2B Adapting for Differences
I structured the literacy environment in my student teaching classroom in a way that facilitated differentiated literacy instruction, providing students with multiple experiences reading and developing comprehension of at-level texts. I also adapted for differences among students by providing learners with opportunities to make choices about activities to participate in within the literacy environment. While I met with guided reading groups daily, other students participated in a Reader's Workshop engaging in authentic reading and writing experiences such as choosing fiction and non-fiction texts to read, responding to self-selected texts in journals and by creating posters, charts and webs, listening to stories on tape, reading words in the print-rich classroom, and writing and publishing stories to share with the class.
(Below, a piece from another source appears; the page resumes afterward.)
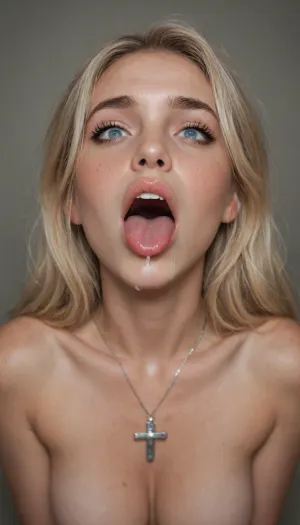 Ahegao face, tongue out, cross eyed, drooling.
Reflection: As I observed an experienced first grade teacher guide a group of students through a controlled-vocabulary text called Raindrops, I was struck by the way in which she skillfully wove phonics instruction and word identification strategies, comprehension strategies (visualizing and predicting), and students' prior knowledge and experiences into a small group guided reading lesson that ended with students successfully reading the book independently. Small group guided reading experiences can be powerful experiences for emergent readers and create moments for children in which they seem themselves as successful readers. It is one thing to observe this kind of teaching in the classroom, yet it is quite another to implement this instruction yourself, attending to classroom management issues as well.
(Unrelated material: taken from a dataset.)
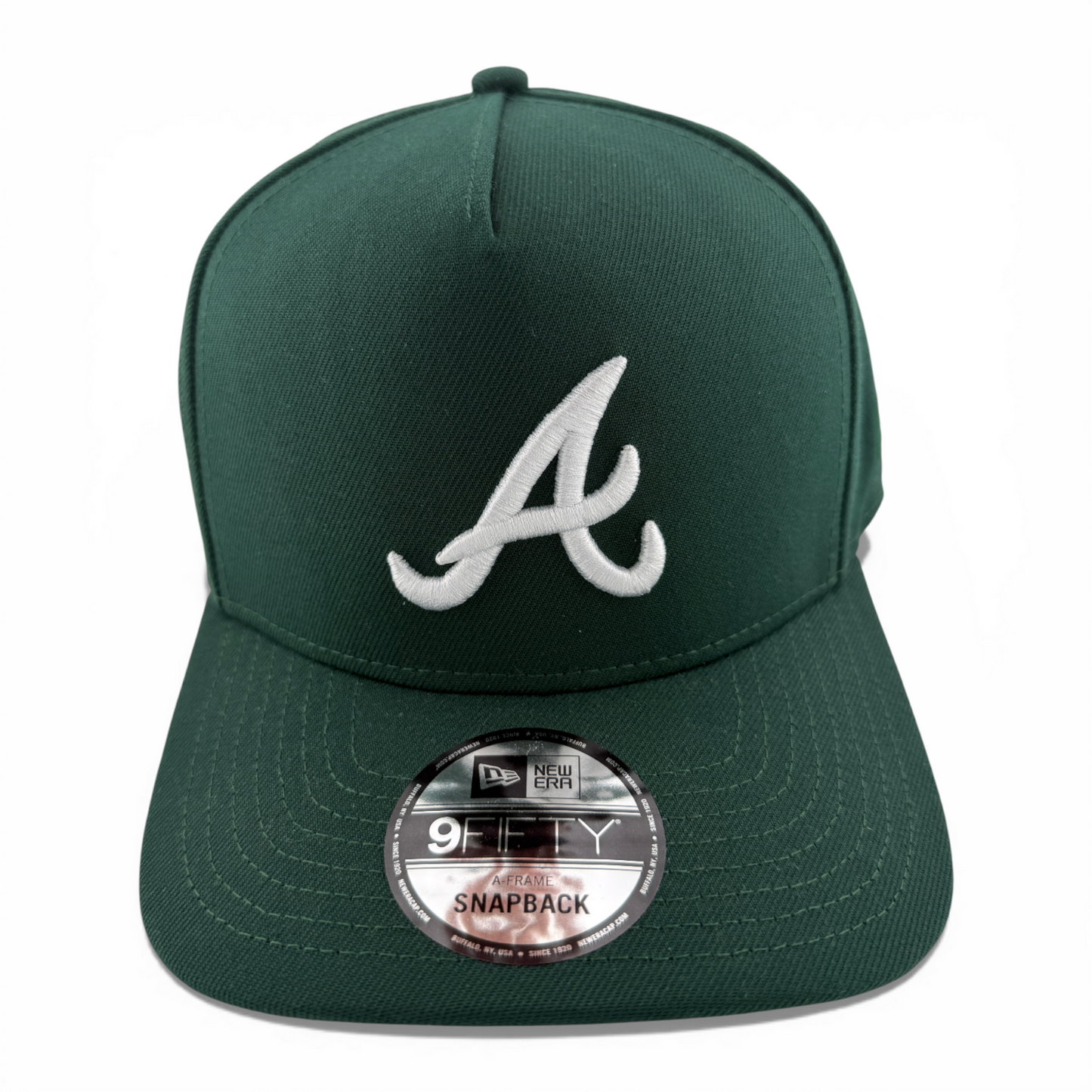 New Era Atlanta Braves MLB Pre-Curved A-Frame 9Fifty Snapback Adjustable Hat Cap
It was not until I assumed responsibility for twenty-two students in a second grade classroom that I fully recognized how important it is for reading instruction to take place in small groups. The students in my classroom ranged from those who were emergent readers needing explicit, direct instruction and experiences with letters and sounds to readers who were able to decode most words at or above a second-grade level, but needed extra support in developing comprehension strategies to help make sense of the words on the page.
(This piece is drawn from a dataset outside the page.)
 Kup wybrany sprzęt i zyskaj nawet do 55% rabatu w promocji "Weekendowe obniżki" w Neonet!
Therefore, during my student teaching experience in this classroom, I met with small groups for guided reading daily in order to provide each student with differentiated reading instruction of at-level texts. In one group, we read a nonfiction book about bears and used different graphic organizers to record facts and questions about our reading. In another group, we practiced making and breaking words with the same spelling patterns to develop word identification skills. In yet another group, we worked on fluency and expression while reading Pierre by Maurice Sendak. While I met with small groups, the literacy environment in this second grade classroom provided multiple opportunities for ALL students to engage in reading and writing tasks as students made different choices of books to read, topics to write about in journals, or literacy activities such as reading the room with a pointer or unscrambling a familiar poem in the pocket chart. The literacy environment and the choices available to students played a significant role in facilitating opportunities for differentiating literacy instruction.
A classroom that balances student-centered choices with teacher-directed instruction may create a dilemma for the teacher in determining how much structure students need. What do you do when a student curls up in one of the beanbags every day with the Big Book World Atlas and is content to flip through the colorful pages for twenty minutes or more without reading a single word? What do you do when a student writes the same kitten story in her journal every day or chooses to read sports magazines without ever giving a second look to the other nonfiction books, folk tales, poetry, or chapter books in the classroom? One classroom teacher writes, "I could easily hand each of them a book or two that I think would be just right, but why? Teaching children how to make thoughtful book selections is hard work, but it's not out of their reach, or ours" (Miller, 2002). The important thing to consider when students are reading is the purpose. A teacher can and should provide guided experiences with texts that students can learn to decode and comprehend, but a completely teacher-directed classroom can turn literacy into a chore rather than a choice. When students engage in reading and writing activities, they see themselves as readers and writers. Rather than set up a classroom environment where students say "I can't read" or "I won't write," a classroom with choices enables students to say, "I am a reader and a writer."
References
Miller, Debbie. (2002). Reading with Meaning: Teaching Comprehension in the Primary Grades. Portland, ME: Stenhouse Publishers.